WHY DID DEMOCRATS TORPEDO THE DEFENSE SPENDING BILL? On June 11, Republican and Democratic members of the Senate Appropriations Committee approved the fiscal 2016 defense spending bill, 27-3. On June 18, those same Democrats joined forces with the rest of their party and blocked the measure from reaching the floor for debate and a full vote. The 50-45 vote failed to achieve the 60 votes needed to advance the bill.
Democrats are opposed to the GOP maneuver that added $38 billion to the Overseas Contingency Operations (OCO) fund. Since the OCO fund is not subjected to budget caps, this would allow the Pentagon to work around sequestration spending caps enacted by the 2011 Budget Control Act. Democrats believe that by refusing to allow the Republicans to move forward with any of the 12 annual spending bills, they will force the GOP to start budget negotiations to end sequestration once and for all. Additionally, they are adamantly opposed to adding money for defense and not adding it for domestic programs.

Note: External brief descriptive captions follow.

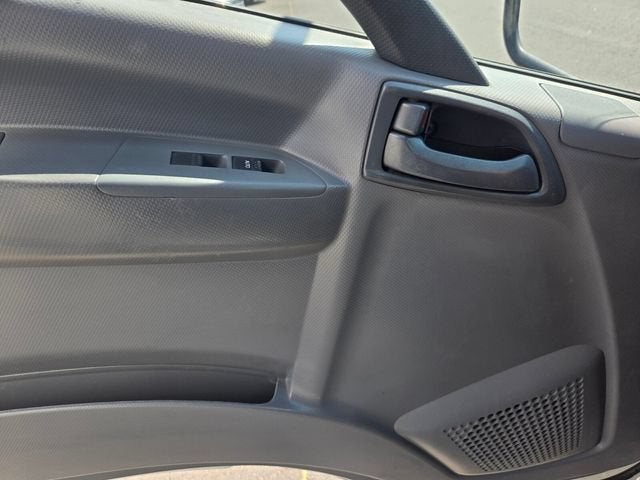2019 Isuzu NPR Base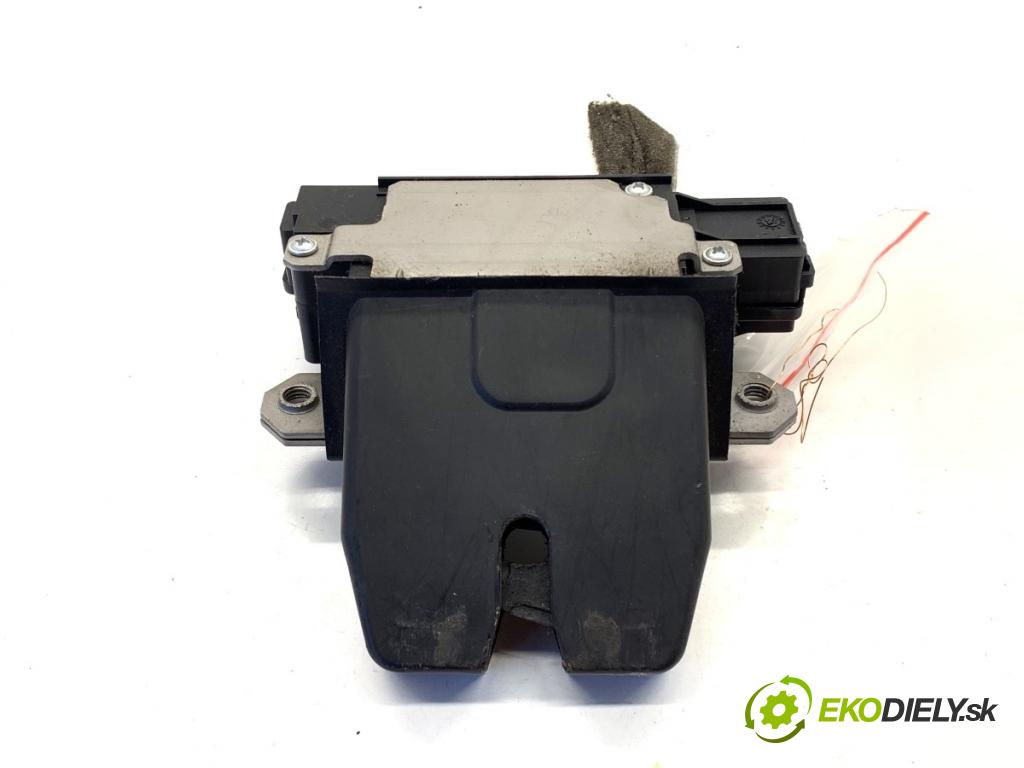 VOLVO V50 Kombi 2006 80 kW 1.6 D 1560 zámok dverí zad 4N51-A442A66-AM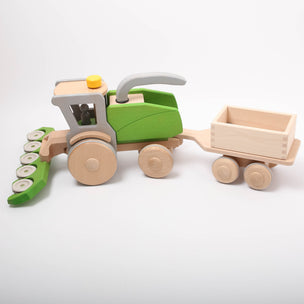 Dynamiko Felix Combine Harvester 2 Piece with additional trailer | Image © Conscious Craft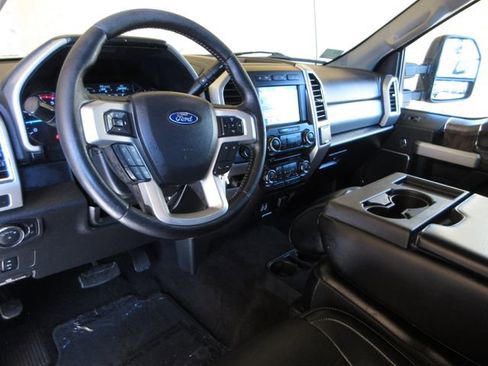 Used 2018 Ford F250 Lariat image 13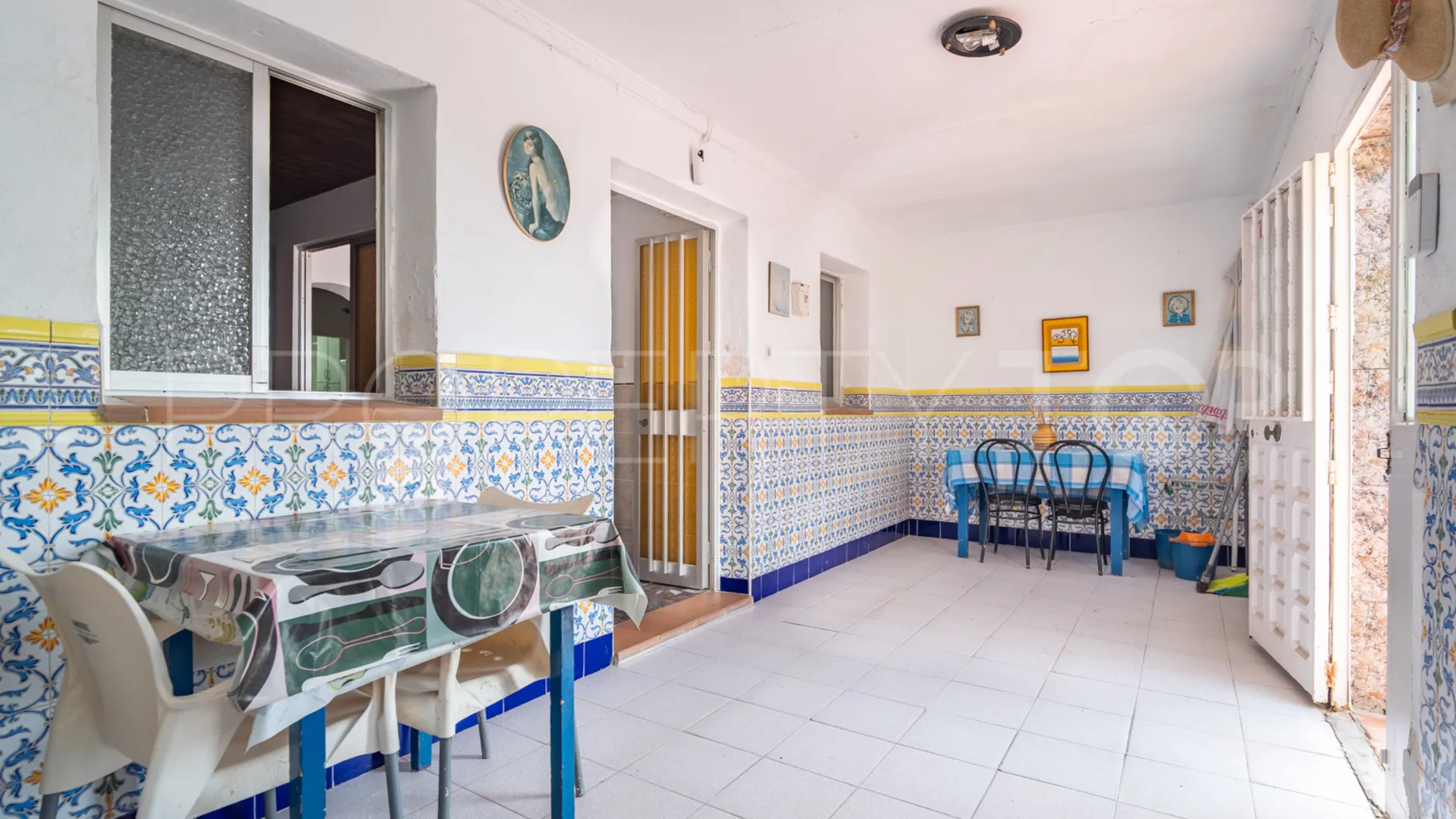 5 bedrooms town house in El Palo for sale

Republicans contend that national security is so important that it cannot wait for Congress to hash out a budget deal. They intend to use the Democrat’s strategy against them by painting them as anti-military and holding the military hostage in order to get more money for non-defense programs such as the IRS and EPA.
Unfortunately, this game of political brinkmanship is all too familiar. How it all plays out is unclear.

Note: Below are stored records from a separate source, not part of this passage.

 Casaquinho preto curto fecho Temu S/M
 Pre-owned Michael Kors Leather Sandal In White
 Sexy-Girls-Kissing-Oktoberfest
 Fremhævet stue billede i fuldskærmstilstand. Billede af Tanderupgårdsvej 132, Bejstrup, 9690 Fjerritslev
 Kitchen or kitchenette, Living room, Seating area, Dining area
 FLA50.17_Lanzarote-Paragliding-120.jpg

FISCAL 2016 DEFENSE AUTHORIZATION BILL HEADS TO CONFERENCE. Now that the House and Senate have passed their respective versions of the fiscal 2016 defense authorization bill, the measures will now go to conference to iron out any differences. Here are some of the major items of contention and AUSA’s position:
Basic Pay Raise
House: Proposes a 2.3% pay basic raise
Senate: Proposes a 1.3% pay basic raise
AUSA: Supports House version. We believe the value of military pay has been eroded by two consecutive years of pay caps, and we do not support limiting the raise again in 2016.
Basic Allowance for Housing (BAH) Cuts
House: Does not support
Senate: Bill includes two cuts related to military housing allowances. One requires soldiers to pay more out-of-pocket for housing by holding allowance rates to as much as 5 percent below the actual average cost of housing for their pay grade and location, a move estimated to save the government $3.8 billion over five years. The second proposal reduces housing allowances for members who are married or living together. Each member of a married couple would no longer receive a housing allowance, but instead receive a single allowance at the with-dependents rate.

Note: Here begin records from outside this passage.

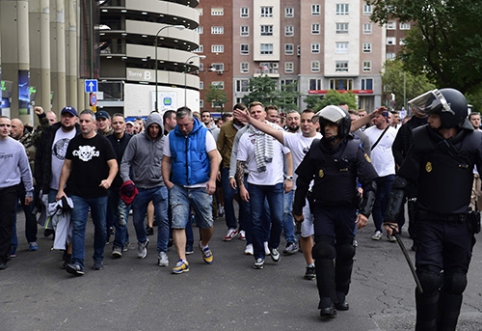 "Legia" chuliganai davė į skudurus ispanų tvarkdariams (VIDEO)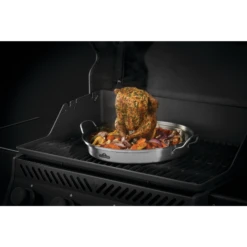 NAPOLEON PRO Edelstahl Hähnchen-Halterung (56067) -Grill und Flamme napo 56067 Premium Chicken Infusion Roaster In Use Chicken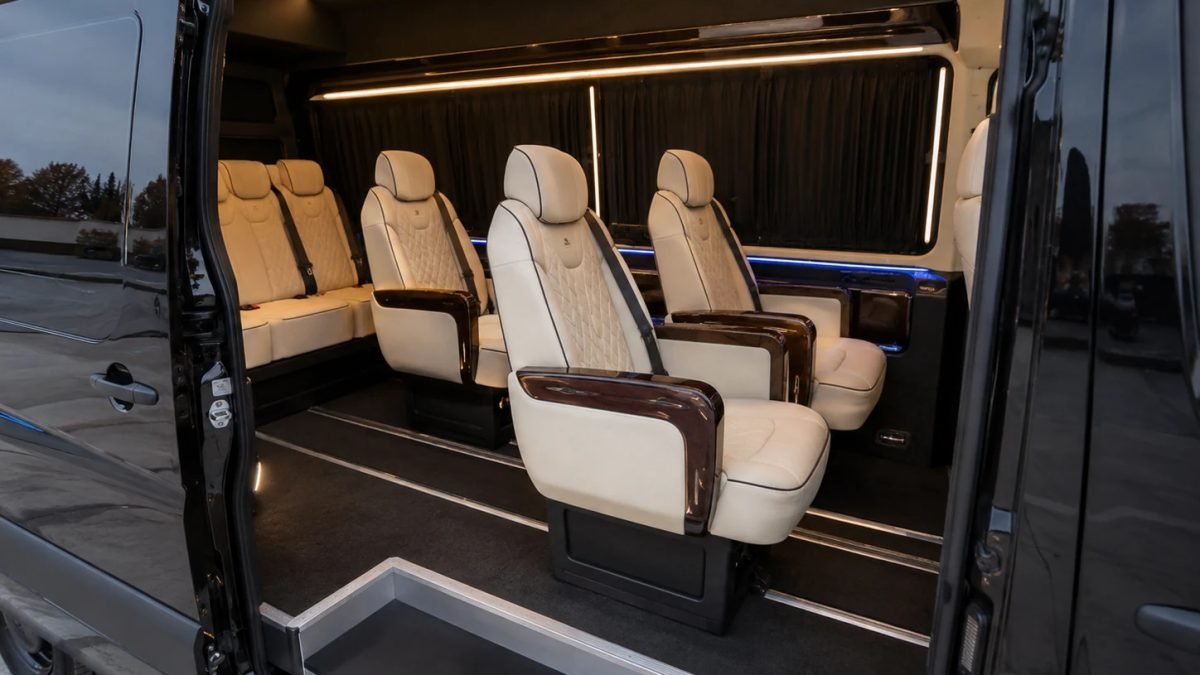 Mercedes-Benz Sprinter VIP geniş yolcu kabini ve koltuk düzeni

AUSA: Supports House bill. If the Senate proposal was adopted, the result would be an average reduction in pay of $1,100 per couple per month. For unmarried members living together, their housing allowance would be reduced by 25 percent or to the rate for an E-4 without dependents.
Commissary Funding Cut
House: Does not support
Senate: Bill reduces taxpayer funding for commissaries by $322 million. It authorizes across-the-board increases to reimburse the cost of transporting some U.S.-made items to overseas stores, and authorizes price increases to fund operating costs by removing a requirement for commissary items to be sold at cost.
AUSA: Supports House bill
TRICARE Pharmacy Fee Increases
House: Does not support. Instead the bill proposes that the Defense Department establish a pilot program of preferred retail pharmacy networks to see whether such a program, currently available in Medicare, would reduce government costs.
Senate: Copayments for those using the TRICARE pharmacy system would increase beginning in 2016. Service members retired for medical reasons, spouses of members who die on active duty, and the family members of both of those groups would be exempt from any copay increases.
AUSA: Supports House bill. The nonpartisan Congressional Budget Office says the Senate’s proposal could lead some beneficiaries to reduce their use of medication, and possibly lead to more outpatient visits and hospitalizations. Besides that, beneficiaries are already doing their part to lower health care costs. Pharmacy co-pays increased in 2014 and 2015.